La Pensylvanie fut longtemps sans soldats, et ce n’est que depuis peu que l’Angleterre en a envoyé pour les défendre, quand on a été en guerre avec la France. Ôtez ce nom de Quaker, cette habitude révoltante et barbare de trembler en parlant dans leurs assemblées religieuses, et quelques coutumes ridicules, il faudra convenir que ces primitifs sont les plus respectables de tous les hommes : leur colonie est aussi florissante que leurs mœurs ont été pures. Philadelphie, ou la ville des Frères, leur capitale, est une des plus belles villes de l’univers ; et on a compté cent quatre-vingt mille hommes dans la Pensylvanie en 1740. Ces nouveaux citoyens ne sont pas tous du nombre des primitifs ou quakers ; la moitié est composée d’Allemands, de Suédois, et d’autres peuples qui forment dix-sept religions. Les primitifs qui gouvernent regardent tous ces étrangers comme leurs frères[2].

Au delà de cette contrée, unique sur la terre, où s’est réfugiée la paix bannie partout ailleurs, vous rencontrez la Nouvelle-Angleterre, dont Boston, la ville la plus riche de toute cette côte, est la capitale.

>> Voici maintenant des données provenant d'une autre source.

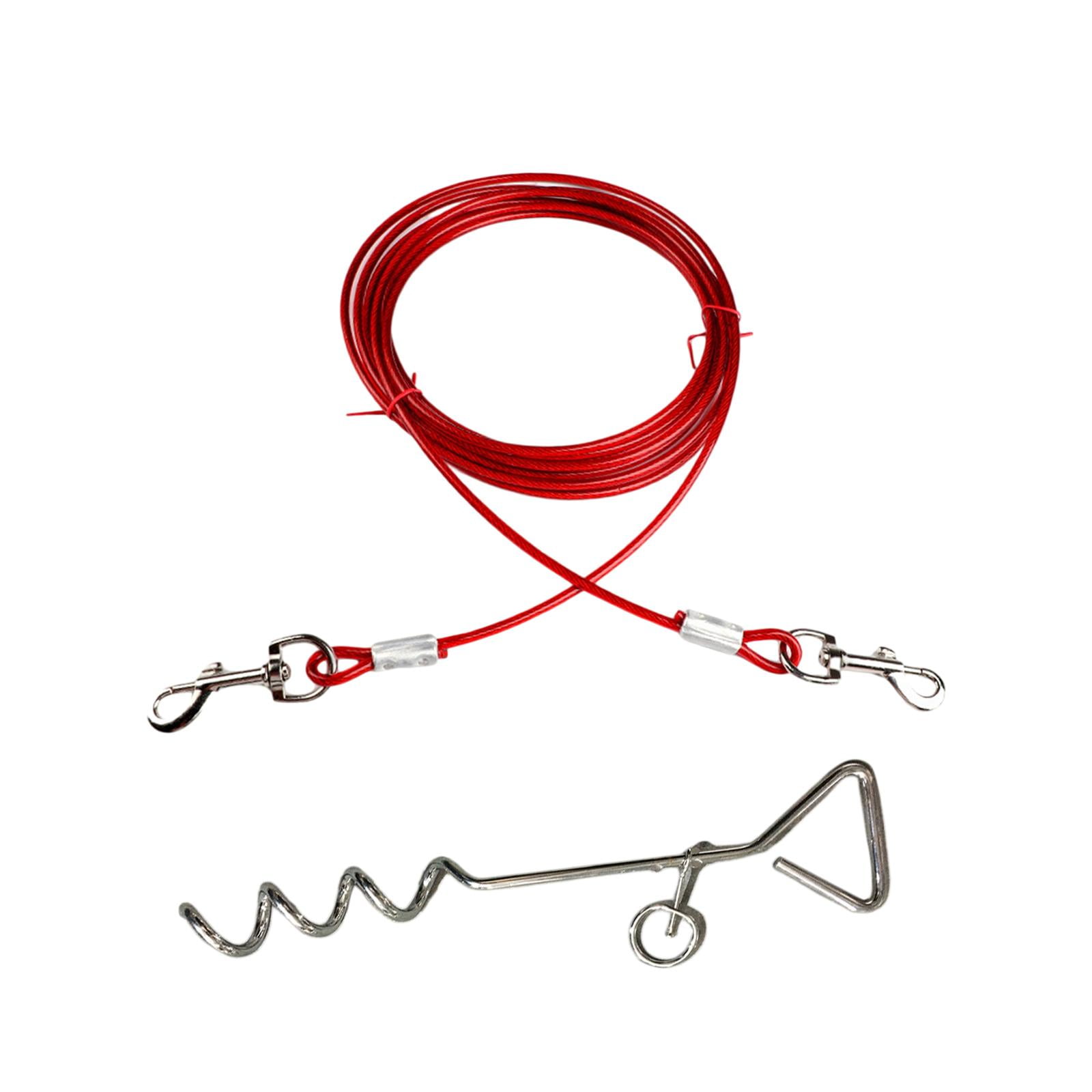 Ioensy - Cable De Amarre Para Perros Y Cadena Para Perros De Estaca Para Jardín De Playa, Perros Pequeños A Medianos, Cable Rojo De 300 Cm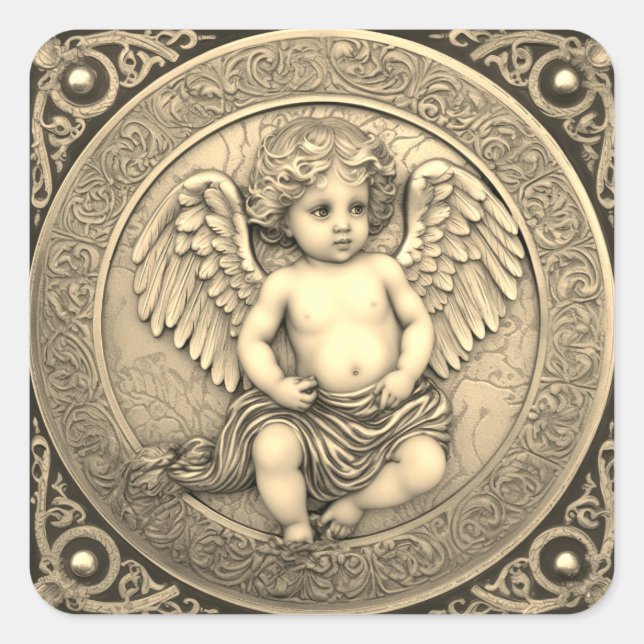 Pegatina Cuadrada Hermoso Angel de Oro Cherub (Anverso)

Elle fut habitée d’abord et gouvernée par des puritains persécutés en Angleterre par ce Laud, archevêque de Cantorbéry, qui depuis paya de sa tête ses persécutions, et dont l’échafaud servit à élever celui du roi Charles Ier. Ces puritains, espèce de calvinistes, se réfugièrent vers l’an 1620 dans ce pays, nommé depuis la Nouvelle-Angleterre. Si les épiscopaux les avaient poursuivis dans leur ancienne patrie, c’étaient des tigres qui avaient fait la guerre à des ours. Ils portèrent en Amérique leur humeur sombre et féroce, et vexèrent en toute manière les pacifiques

  1. Sur les Quakers, voyez les quatre premières des Lettres philosophiques, dans les Mélanges, année 1734.
  2. Cette respectable colonie a été forcée de connaître enfin la guerre, et menacée d’être détruite par les armes de l’Angleterre, la mère patrie, en 1776 et 1777. (Note de Voltaire.)